I just did it. I caught myself in a breath of anxiety - a gasp of time. I'm reading an article in the newspaper - a profile, so a long piece. I get to a break in the text - a helpful paragraph, and my next thought is do I have the time to finish it - is it worth me carrying on as I may arrive at the end of my journey (work) before I do? So now I'm in a fix - I want to read, but if I do and I arrive will I start again? So I shouldn't start - I don't have the time - I have to do all-sorts today - and I don't have time for that either, and now this is my day. And I realise - this isn't the way I should see my life. Chopped up into chunks here and there - no possibility for ebb or flow, the Now hesitating in the face of the Next to come.

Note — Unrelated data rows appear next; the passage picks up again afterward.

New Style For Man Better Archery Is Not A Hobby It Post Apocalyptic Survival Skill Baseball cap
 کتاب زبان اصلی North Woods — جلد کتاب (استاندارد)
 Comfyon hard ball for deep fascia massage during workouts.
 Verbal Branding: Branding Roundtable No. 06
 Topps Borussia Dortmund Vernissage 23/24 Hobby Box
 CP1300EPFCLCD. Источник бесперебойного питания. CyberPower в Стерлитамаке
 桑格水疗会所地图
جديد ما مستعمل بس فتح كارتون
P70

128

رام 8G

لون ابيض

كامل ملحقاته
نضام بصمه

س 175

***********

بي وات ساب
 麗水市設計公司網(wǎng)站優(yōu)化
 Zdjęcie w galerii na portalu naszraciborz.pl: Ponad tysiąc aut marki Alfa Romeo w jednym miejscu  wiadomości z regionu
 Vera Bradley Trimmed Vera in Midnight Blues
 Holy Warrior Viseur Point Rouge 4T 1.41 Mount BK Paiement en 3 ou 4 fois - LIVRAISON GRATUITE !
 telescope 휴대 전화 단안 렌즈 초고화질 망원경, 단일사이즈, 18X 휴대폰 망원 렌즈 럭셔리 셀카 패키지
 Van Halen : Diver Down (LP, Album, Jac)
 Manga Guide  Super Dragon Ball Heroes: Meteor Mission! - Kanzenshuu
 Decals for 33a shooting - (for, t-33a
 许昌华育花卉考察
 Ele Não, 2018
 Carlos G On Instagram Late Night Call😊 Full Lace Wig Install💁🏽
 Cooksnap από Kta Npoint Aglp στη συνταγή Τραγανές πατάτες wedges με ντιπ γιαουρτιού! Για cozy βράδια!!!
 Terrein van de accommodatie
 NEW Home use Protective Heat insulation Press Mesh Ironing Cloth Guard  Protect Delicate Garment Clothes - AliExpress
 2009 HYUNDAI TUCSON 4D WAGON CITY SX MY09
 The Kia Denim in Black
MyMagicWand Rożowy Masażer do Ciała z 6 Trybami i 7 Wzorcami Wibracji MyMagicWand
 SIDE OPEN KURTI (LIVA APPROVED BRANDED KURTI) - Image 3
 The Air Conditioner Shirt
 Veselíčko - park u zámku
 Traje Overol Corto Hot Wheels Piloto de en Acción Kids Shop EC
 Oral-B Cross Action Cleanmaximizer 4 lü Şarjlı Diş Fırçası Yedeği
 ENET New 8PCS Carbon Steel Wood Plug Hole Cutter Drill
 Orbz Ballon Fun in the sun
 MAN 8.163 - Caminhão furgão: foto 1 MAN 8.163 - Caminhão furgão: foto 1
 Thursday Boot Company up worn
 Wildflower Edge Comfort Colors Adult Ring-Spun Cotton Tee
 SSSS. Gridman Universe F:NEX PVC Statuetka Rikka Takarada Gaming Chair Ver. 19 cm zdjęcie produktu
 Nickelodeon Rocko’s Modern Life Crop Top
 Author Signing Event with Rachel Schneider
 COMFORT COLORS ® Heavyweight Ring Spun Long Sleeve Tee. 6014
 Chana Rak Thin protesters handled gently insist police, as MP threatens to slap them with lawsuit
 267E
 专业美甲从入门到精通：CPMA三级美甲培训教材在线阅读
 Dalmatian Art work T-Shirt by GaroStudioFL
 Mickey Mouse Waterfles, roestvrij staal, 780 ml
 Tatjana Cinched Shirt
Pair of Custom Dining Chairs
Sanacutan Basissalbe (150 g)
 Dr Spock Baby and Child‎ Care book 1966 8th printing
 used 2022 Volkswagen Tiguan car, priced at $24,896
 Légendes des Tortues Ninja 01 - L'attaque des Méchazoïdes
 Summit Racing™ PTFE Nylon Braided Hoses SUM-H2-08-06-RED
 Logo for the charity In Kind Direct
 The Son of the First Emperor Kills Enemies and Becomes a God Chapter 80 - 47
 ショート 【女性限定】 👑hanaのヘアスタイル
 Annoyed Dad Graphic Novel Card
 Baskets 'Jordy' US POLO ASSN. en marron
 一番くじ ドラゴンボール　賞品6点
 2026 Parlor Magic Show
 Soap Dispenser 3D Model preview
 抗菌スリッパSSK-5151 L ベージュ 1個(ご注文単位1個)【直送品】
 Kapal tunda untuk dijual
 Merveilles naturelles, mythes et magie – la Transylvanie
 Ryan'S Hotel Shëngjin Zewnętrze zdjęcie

So I stop. And for a moment I can see the thoughts - caught in the act like a pick-pocket with their hand in on your wallet. Frozen they seem solid - ice-bergs that loom over me standing in my lifeboat. They stretch upward - the camera climbing the steepness to reverse and hold on me - small, vulnerable.
In the stillness a route through is revealed - a way to navigate the huge obstacles that have begun to close in, and the breath begins to slow. Each stoke forward accompanies the almost unnoticeable drip of melt. As I grow in my confidence - the oars powering more forcefully as the direction gets clearer, imperceptibly at first the monoliths decrease - without the speed and cacophony they are manageable and can be tamed.
I know I will always find myself surrounded - bombarded by my doubts, my fears - and my mistakes. And maybe it's too much caffeine, too little sleep? But more it is the need to sometimes... stop, to step back, to put into context, to let go. I won't always feel I can carry on, and that is when I need to ask for help. Until then the least I can do is breath.